In October 2016 the England and Wales Cricket Board (ECB) confirmed that the first Test at Edgbaston would be played as a day/night game. Tom Harrison, chief executive of the ECB, said that "we are excited by the prospect of staging our first ever day-night Test match". Following the Edgbaston Test match, both England's Alastair Cook and Neil Snowball, CEO of Warwickshire County Cricket Club, said that the "jury is out" with regard to holding another day/night Test in England. The ECB considered it a success, with the possibility of having a day/night Test as an annual fixture. England won the Test series 2–1, with James Anderson taking his 500th wicket in the third match.

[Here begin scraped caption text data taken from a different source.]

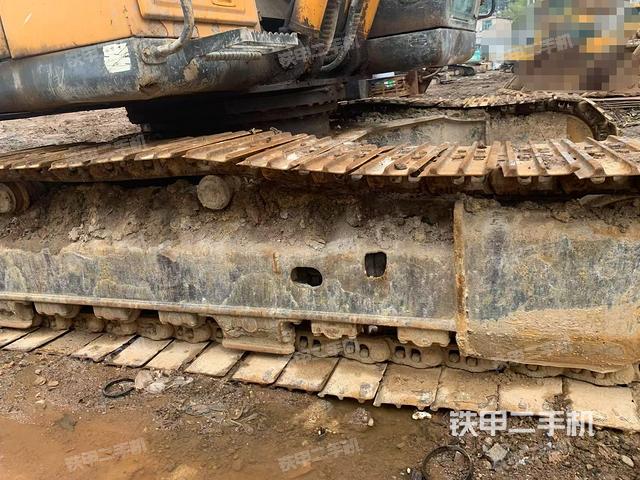 單側(cè)履帶整體（整機(jī)外觀）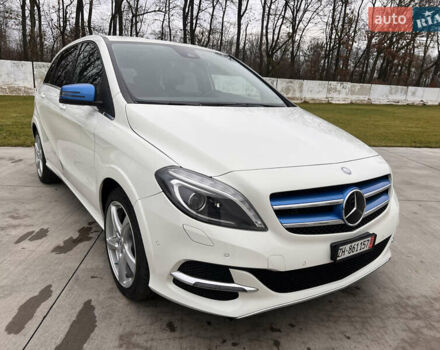 Білий Мерседес Б-клас, об'ємом двигуна 0 л та пробігом 54 тис. км за 11800 $, фото 1 на Automoto.ua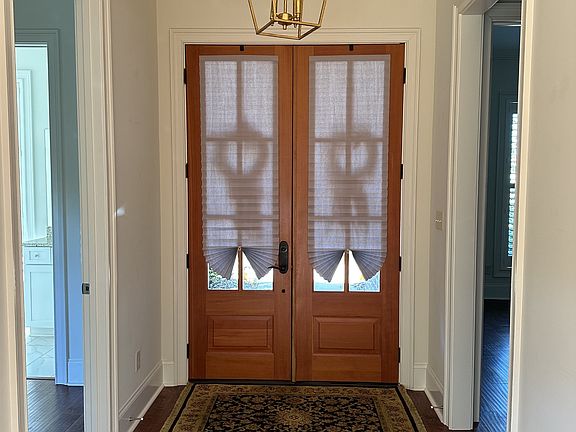 4th image of 170 Mulberry Ln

The West Indies won the one-off T20I match at the Riverside Ground by 21 runs. In the opening ODI match, England won by 7 wickets, meaning that the West Indies would need to play in the 2018 Cricket World Cup Qualifier tournament, as they were not able to qualify directly for the 2019 Cricket World Cup. England's preparation for the fourth ODI was disrupted following the arrest of Ben Stokes in Bristol after the third ODI. Following the incident, both Stokes and Alex Hales were suspended by the ECB, meaning they would not be considered for selection for England until further notice. Despite this, England went on to win the ODI series 4–0.

==Squads==

| Tests |  | ODIs |  | T20Is |  |
|---|---|---|---|---|---|
| England | West Indies | England | West Indies | England | West Indies |
| Joe Root (c); Ben Stokes (vc); Jonny Bairstow (wk); Alastair Cook; James Anderson; Stuart Broad; Dawid Malan; Mark Stoneman; Moeen Ali; Toby Roland-Jones; Mason Crane; Chris Woakes; Tom Westley; | Jason Holder (c); Kraigg Brathwaite (vc); Devendra Bishoo; Jermaine Blackwood; Roston Chase; Miguel Cummins; Shane Dowrich (wk); Shannon Gabriel; Shimron Hetmyer; Kyle Hope; Shai Hope (wk); Alzarri Joseph; Kieran Powell; Raymon Reifer; Kemar Roach; | Eoin Morgan (c); Jos Buttler (wk); Jonny Bairstow; Jake Ball; Sam Billings; Moeen Ali; Tom Curran; Alex Hales; Dawid Malan; Liam Plunkett; Joe Root; Ben Stokes; Jason Roy; Adil Rashid; David Willey; Chris Woakes; | Jason Holder (c); Sunil Ambris; Devendra Bishoo; Carlos Brathwaite; Miguel Cummins; Chris Gayle; Kyle Hope; Shai Hope (wk); Alzarri Joseph; Evin Lewis; Jason Mohammed; Ashley Nurse; Rovman Powell; Marlon Samuels; Jerome Taylor; Kesrick Williams; | Eoin Morgan (c); Jonny Bairstow; Jos Buttler (wk); Jake Ball; Tom Curran; Liam Dawson; Alex Hales; David Willey; Dawid Malan; Liam Plunkett; Joe Root; Jason Roy; Adil Rashid; Chris Jordan; | Carlos Brathwaite (c); Ronsford Beaton; Chris Gayle; Evin Lewis; Jason Mohammed; Sunil Narine; Ashley Nurse; Kieron Pollard; Rovman Powell; Marlon Samuels; Jerome Taylor; Chadwick Walton (wk); Kesrick Williams; |

Sam Billings was added to the England squad ahead of the fourth ODI, and Dawid Malan before the fifth, following the arrest of Ben Stokes and his and Alex Hales's subsequent suspension. Carlos Brathwaite was added to the West Indies' squad for the fifth ODI as a replacement for Jason Holder who went home to attend a funeral. Jason Mohammed was made captain for the match in Holder's absence.